*EXERCISE*: Using the material that follows, identify and copy each line with the string "Aluminum".

*DATASET ENTRIES*:
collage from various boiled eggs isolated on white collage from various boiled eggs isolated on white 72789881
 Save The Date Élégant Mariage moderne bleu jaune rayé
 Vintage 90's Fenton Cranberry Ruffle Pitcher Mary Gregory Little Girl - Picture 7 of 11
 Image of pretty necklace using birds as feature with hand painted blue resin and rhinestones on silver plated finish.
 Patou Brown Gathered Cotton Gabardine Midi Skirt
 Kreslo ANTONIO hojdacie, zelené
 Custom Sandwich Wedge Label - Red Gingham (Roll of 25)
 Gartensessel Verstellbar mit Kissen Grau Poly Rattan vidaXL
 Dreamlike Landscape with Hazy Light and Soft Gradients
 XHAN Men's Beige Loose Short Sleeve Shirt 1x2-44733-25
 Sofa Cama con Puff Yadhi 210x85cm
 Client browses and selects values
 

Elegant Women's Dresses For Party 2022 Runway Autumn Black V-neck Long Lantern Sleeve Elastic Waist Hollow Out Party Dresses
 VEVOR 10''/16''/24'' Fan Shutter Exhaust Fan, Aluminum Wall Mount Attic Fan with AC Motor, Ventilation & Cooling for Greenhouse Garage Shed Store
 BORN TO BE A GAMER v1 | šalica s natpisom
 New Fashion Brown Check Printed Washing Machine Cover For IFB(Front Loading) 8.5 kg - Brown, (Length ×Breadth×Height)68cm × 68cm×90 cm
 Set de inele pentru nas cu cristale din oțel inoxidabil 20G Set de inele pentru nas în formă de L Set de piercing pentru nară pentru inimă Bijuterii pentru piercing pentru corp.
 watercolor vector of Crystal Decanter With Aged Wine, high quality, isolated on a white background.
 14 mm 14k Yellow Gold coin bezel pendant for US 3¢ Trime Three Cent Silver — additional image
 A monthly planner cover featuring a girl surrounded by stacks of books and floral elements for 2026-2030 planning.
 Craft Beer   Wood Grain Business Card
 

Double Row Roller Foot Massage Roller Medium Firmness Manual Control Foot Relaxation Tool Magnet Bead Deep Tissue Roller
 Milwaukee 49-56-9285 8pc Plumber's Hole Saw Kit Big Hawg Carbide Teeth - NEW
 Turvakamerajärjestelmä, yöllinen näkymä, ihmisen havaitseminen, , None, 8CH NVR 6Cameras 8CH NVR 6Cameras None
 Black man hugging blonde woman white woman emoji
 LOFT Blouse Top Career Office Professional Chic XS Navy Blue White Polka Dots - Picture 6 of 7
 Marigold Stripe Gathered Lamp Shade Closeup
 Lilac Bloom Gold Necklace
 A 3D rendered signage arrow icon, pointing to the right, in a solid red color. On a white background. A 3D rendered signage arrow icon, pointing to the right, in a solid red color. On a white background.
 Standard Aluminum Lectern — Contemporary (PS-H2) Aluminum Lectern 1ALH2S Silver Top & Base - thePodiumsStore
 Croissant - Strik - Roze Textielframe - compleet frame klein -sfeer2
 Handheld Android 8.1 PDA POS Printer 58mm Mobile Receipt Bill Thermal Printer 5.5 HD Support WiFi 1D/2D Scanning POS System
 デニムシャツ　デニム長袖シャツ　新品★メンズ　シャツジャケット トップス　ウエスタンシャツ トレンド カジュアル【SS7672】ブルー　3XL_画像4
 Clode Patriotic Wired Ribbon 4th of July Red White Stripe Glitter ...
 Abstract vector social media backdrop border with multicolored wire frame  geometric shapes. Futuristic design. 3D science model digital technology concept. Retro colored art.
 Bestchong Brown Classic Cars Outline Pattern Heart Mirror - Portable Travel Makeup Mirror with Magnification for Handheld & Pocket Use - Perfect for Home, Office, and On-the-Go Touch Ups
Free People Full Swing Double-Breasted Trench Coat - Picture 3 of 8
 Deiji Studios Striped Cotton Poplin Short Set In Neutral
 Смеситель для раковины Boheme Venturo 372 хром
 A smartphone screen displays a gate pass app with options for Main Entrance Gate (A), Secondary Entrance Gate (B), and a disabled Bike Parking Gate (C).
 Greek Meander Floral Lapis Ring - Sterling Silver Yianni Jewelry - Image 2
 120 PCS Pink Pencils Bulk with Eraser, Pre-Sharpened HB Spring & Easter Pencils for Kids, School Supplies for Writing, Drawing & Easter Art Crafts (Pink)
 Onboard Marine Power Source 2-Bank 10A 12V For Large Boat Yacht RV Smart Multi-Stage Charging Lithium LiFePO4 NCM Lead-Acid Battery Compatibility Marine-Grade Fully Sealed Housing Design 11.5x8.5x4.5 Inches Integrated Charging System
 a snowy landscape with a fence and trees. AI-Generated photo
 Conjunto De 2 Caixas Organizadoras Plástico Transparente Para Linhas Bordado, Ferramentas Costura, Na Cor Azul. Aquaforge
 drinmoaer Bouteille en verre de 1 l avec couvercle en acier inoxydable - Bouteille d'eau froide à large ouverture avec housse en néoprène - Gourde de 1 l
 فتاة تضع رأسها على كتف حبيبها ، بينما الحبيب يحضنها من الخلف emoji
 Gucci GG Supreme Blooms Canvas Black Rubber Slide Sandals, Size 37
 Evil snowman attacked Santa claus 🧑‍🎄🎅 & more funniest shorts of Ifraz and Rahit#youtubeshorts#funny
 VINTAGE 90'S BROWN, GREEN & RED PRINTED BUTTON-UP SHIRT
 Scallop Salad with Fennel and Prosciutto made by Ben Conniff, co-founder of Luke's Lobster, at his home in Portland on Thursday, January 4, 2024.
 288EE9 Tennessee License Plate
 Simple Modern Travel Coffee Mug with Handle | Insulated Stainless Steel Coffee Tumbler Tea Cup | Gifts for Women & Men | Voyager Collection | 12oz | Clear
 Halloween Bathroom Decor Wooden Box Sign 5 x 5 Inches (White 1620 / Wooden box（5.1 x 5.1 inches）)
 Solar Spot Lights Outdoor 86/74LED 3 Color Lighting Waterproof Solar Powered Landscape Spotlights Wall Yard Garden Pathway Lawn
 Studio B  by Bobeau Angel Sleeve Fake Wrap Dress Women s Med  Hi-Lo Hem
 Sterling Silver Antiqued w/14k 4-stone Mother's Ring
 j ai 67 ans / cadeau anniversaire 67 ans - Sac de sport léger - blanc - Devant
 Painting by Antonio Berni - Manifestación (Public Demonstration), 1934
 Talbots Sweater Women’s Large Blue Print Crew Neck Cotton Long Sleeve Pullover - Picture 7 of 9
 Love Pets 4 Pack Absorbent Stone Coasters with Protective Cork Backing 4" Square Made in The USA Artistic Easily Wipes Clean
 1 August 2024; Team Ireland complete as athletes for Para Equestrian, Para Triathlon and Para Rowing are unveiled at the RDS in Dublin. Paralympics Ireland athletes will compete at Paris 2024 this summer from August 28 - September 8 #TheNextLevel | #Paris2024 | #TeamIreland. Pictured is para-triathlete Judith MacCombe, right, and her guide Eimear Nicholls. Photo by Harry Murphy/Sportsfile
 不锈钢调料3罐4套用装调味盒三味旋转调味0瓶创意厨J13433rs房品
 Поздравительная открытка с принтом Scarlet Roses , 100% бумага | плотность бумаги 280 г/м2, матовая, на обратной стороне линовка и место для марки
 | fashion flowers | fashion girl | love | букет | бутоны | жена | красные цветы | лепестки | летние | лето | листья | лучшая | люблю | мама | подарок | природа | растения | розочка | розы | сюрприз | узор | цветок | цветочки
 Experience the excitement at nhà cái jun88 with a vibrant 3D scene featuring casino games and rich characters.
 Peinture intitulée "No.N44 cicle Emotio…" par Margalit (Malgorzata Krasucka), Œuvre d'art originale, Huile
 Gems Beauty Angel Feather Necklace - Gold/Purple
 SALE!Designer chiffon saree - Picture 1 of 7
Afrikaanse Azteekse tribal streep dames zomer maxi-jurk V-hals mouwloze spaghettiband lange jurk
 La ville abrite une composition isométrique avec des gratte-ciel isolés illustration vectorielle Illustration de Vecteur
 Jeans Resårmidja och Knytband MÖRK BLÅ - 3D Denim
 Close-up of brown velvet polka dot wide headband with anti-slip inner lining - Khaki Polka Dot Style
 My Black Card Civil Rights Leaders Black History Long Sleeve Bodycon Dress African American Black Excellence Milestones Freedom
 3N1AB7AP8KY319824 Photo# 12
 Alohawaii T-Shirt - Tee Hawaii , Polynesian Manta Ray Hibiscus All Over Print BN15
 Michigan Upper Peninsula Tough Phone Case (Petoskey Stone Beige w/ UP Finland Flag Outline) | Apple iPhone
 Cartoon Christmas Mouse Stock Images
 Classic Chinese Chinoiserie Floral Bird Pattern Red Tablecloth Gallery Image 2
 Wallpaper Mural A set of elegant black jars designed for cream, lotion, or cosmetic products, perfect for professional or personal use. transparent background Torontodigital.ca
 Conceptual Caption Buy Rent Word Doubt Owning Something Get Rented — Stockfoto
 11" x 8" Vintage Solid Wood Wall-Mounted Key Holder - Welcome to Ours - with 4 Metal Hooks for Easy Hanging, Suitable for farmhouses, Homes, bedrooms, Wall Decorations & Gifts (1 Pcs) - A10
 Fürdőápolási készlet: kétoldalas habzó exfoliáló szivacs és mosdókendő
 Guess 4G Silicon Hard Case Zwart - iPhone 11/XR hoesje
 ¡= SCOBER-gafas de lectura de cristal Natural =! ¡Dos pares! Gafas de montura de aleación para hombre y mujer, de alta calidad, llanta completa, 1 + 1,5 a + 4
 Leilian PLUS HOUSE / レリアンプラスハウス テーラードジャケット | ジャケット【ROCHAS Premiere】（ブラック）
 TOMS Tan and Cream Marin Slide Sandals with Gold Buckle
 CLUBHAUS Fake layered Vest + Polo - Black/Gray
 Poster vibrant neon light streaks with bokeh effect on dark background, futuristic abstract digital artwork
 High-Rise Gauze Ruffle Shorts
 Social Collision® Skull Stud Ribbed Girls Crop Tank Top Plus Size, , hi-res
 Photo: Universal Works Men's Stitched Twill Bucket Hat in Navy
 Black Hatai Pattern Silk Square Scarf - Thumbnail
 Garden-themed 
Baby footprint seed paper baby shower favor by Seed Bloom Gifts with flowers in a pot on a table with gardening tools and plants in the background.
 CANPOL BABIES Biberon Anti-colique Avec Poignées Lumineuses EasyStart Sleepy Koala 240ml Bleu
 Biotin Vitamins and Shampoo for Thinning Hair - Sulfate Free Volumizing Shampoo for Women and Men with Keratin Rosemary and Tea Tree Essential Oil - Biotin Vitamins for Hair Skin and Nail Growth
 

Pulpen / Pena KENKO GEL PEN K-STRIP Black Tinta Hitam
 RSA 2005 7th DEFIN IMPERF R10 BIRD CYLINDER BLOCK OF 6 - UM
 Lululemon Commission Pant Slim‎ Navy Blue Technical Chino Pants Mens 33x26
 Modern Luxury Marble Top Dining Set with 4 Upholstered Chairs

*TASK OUTPUT*:
 VEVOR 10''/16''/24'' Fan Shutter Exhaust Fan, Aluminum Wall Mount Attic Fan with AC Motor, Ventilation & Cooling for Greenhouse Garage Shed Store
 Standard Aluminum Lectern — Contemporary (PS-H2) Aluminum Lectern 1ALH2S Silver Top & Base - thePodiumsStore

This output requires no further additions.